Que mon cœur, chère Ismène, écoute avidement
Un discours qui peut-être a peu de fondement !
Ô toi qui me connais, te semblait-il croyable
Que le triste jouet d’un sort impitoyable,
Un cœur toujours nourri d’amertume et de pleurs,
Dût connaître l’amour et ses folles douleurs ?
Reste du sang d’un roi noble fils de la Terre,
Je suis seule échappée aux fureurs de la guerre :
J’ai perdu, dans la fleur de leur jeune saison,
Six frères… Quel espoir d’une illustre maison !
Le fer moissonna tout ; et la terre humectée
But à regret le sang des neveux d’Érechtée.
Tu sais, depuis leur mort, quelle sévère loi
Défend à tous les Grecs de soupirer pour moi :
On craint que de la sœur les flammes téméraires
Ne raniment un jour la cendre de ses frères.
Mais tu sais bien aussi de quel œil dédaigneux
Je regardais ce soin d’un vainqueur soupçonneux :
Tu sais que, de tout temps à l’amour opposée,
Je rendais souvent grâce à l’injuste Thésée,
Dont l’heureuse rigueur secondait mes mépris.
Mes yeux alors, mes yeux n’avaient pas vu son fils.
Non que par les yeux seuls lâchement enchantée,
J’aime en lui sa beauté, sa grâce tant vantée ;
Présents dont la nature a voulu l’honorer,
Qu’il méprise lui-même, et qu’il semble ignorer :
J’aime, je prise en lui de plus nobles richesses,
Les vertus de son père, et non point les faiblesses ;
J’aime, je l’avouerai, cet orgueil généreux
Qui jamais n’a fléchi sous le joug amoureux.
Phèdre en vain s’honorait des soupirs de Thésée :
Pour moi, je suis plus fière, et fuis la gloire aisée
D’arracher un hommage à mille autres offert,
Et d’entrer dans un cœur de toutes parts ouvert.
Mais de faire fléchir un courage inflexible,
De porter la douleur dans une âme insensible,
D’enchaîner un captif de ses fers étonné,
Contre un joug qui lui plait vainement mutiné ;
C’est là ce que je veux, c’est là ce qui m’irrite.
Hercule à désarmer coûtait moins qu’Hippolyte ;
Et vaincu plus souvent, et plus tôt surmonté,
Préparait moins de gloire aux yeux qui l’ont dompté.
Mais, chère Ismène, hélas ! quelle est mon imprudence !
On ne m’opposera que trop de résistance :
Tu m’entendras peut-être, humble dans mon ennui,
Gémir du même orgueil que j’admire aujourd’hui.
Hippolyte aimerait ! Par quel bonheur extrême
Aurais-je pu fléchir…

ISMÈNE.

Aurais-je pu fléchir… Vous l’entendrez lui-même :
Il vient à vous.


Scène II.


Hippolyte, Aricie, Ismène.
HIPPOLYTE.

Il vient à vous.
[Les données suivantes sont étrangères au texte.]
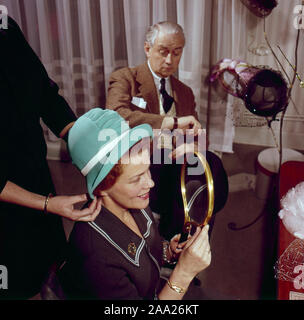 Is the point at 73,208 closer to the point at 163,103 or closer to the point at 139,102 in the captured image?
the point at 139,102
Madame, avant que de partir,
J’ai cru de votre sort vous devoir avertir.
Mon père ne vit plus. Ma juste défiance
Présageait les raisons de sa trop longue absence :
La mort seule, bornant ses travaux éclatants,
Pouvait à l’univers le cacher si longtemps.
Les dieux livrent enfin à la Parque homicide
L’ami, le compagnon, le successeur d’Alcide.
Je crois que votre haine, épargnant ses vertus,
Écoute sans regret ces noms qui lui sont dus.
Un espoir adoucit ma tristesse mortelle :
Je puis vous affranchir d’une austère tutelle.